My aim for the weekend was to buy two new (smaller waisted) bottoms and maybe a top/jacket too. As I was spending the weekend in Limerick (which is essentially the birthplace of casual-sporty wear) you would imagine my objective would be easily realised…
I went into Elvery’s in the Cresent Shopping Center and felt immediately intimidated. First off I was wandering around the women’s clothes (I was thinking there was a lot of pink), then I found myself looking at shorts, cloth-y tracksuit bottoms, then I was looking at hurleys.
I knew I didn’t want to wear a new two-piece tracksuit as I would look like a complete newbie/spanner so I avoided them. I knew I didn’t want shorts as I don’t think the world is ready of my jelly JUST yet.
I found the ‘running’ section only because the clothes actually had ‘Running’ written on the tag but everything seemed a bit… skintight. Other items of clothes had ‘Base Layer’ written on them – Does that mean they go under clothes or they are the only layer?
Anyway, I was so confused and overwhelmed by the whole experience, I quickly fled the shop before someone came over talking to me/reported me for loitering.

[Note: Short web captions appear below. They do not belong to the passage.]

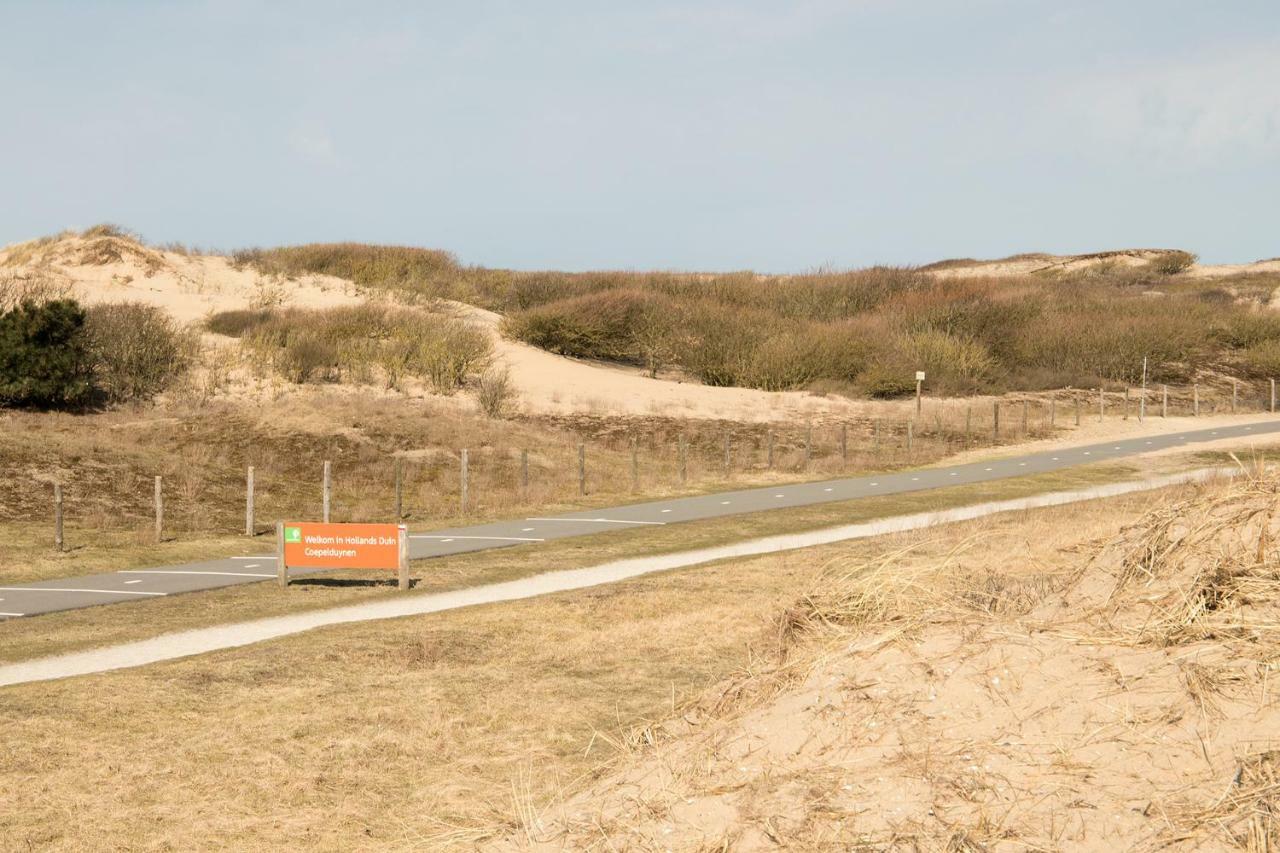 Kustappartementenkatwijk Katwijk aan Zee Zewnętrze zdjęcie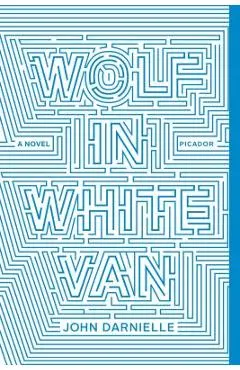 Wolf in White Van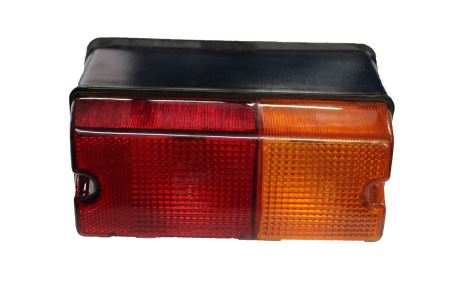 Tail Light RT (E-Marked)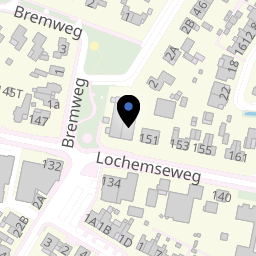 Appartement AMN00 B 3869 3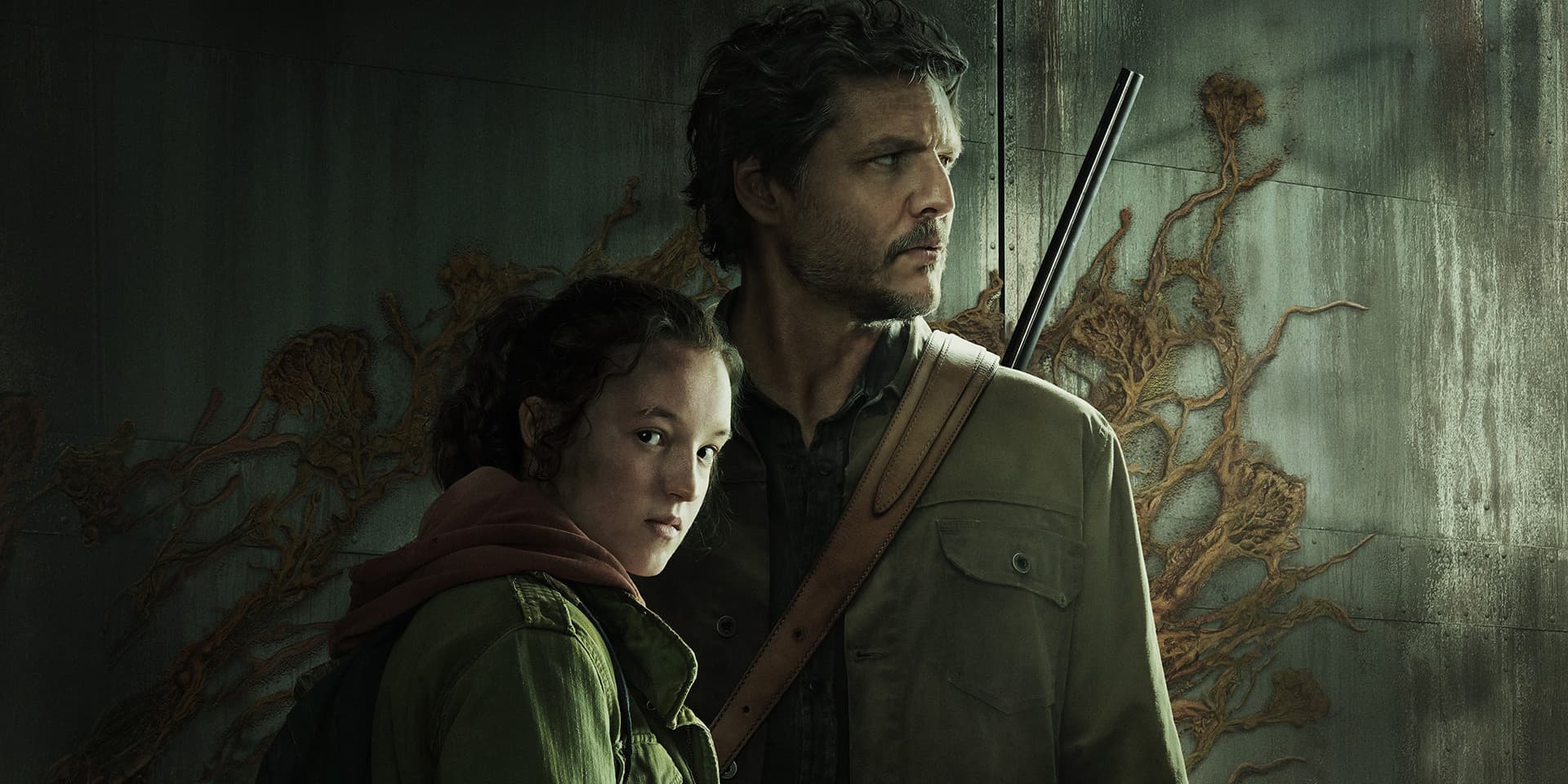 Joel & Ellie débarquent ce lundi 16 janvier sur Prime Video.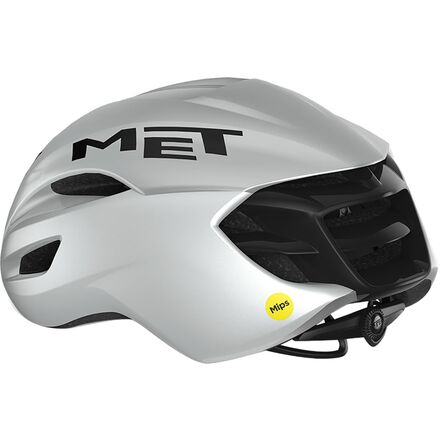 MET - Manta Mips Helmet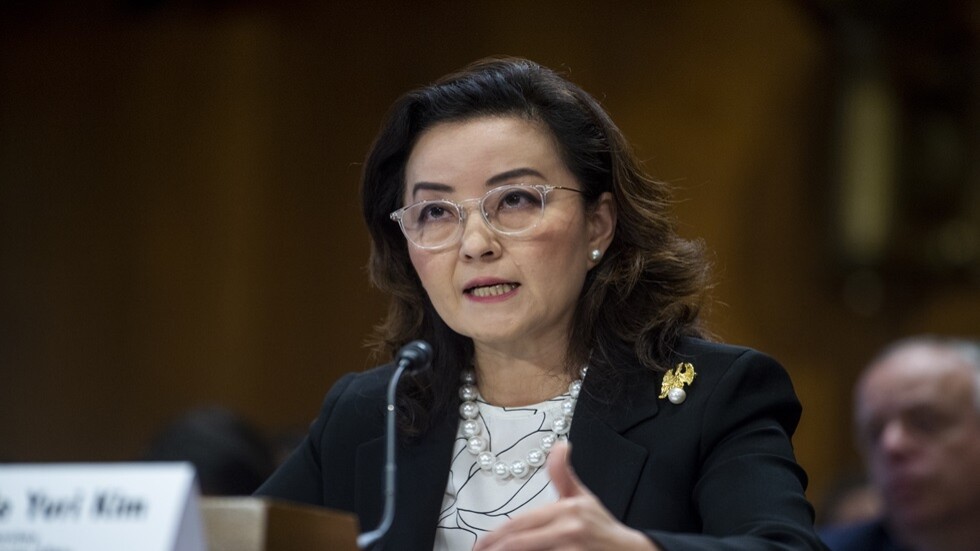 الخارجية الأمريكية: نرى مستقبل أوكرانيا في حلف الناتو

My next stop was Lifestyle where the shop assistants were too busy talking about last night ‘out on the town’ to care about the customers in the shop. Confused and even more scared, I found myself in Costa Coffee discussing the function of Sports clothing with my other half.
I think my fear is two-fold:
- I don't know what I am looking for and therefore could be sold a heap of stuff I don't want/need/know how to use
- I don't know what is worth spending the extra money on? Do I really REALLY need a tight 'Dry-Fit' top? Do I need those skin-tight leggings? Do I actually need that heart-monitoring watch thing?
I know if I was left alone with the right opportunist shop assistant, I'd end up looking like this and thing I was shit hot.
Equipped with my other half, we went into another sports shop where he picked stuff for me and I gladly queued at the counter and paid. I am now the proud owner of a single pair of tracksuit bottoms as I felt buying two would stress me out too much.
What is wrong with me? My Sportshop-aphobia is crippling me!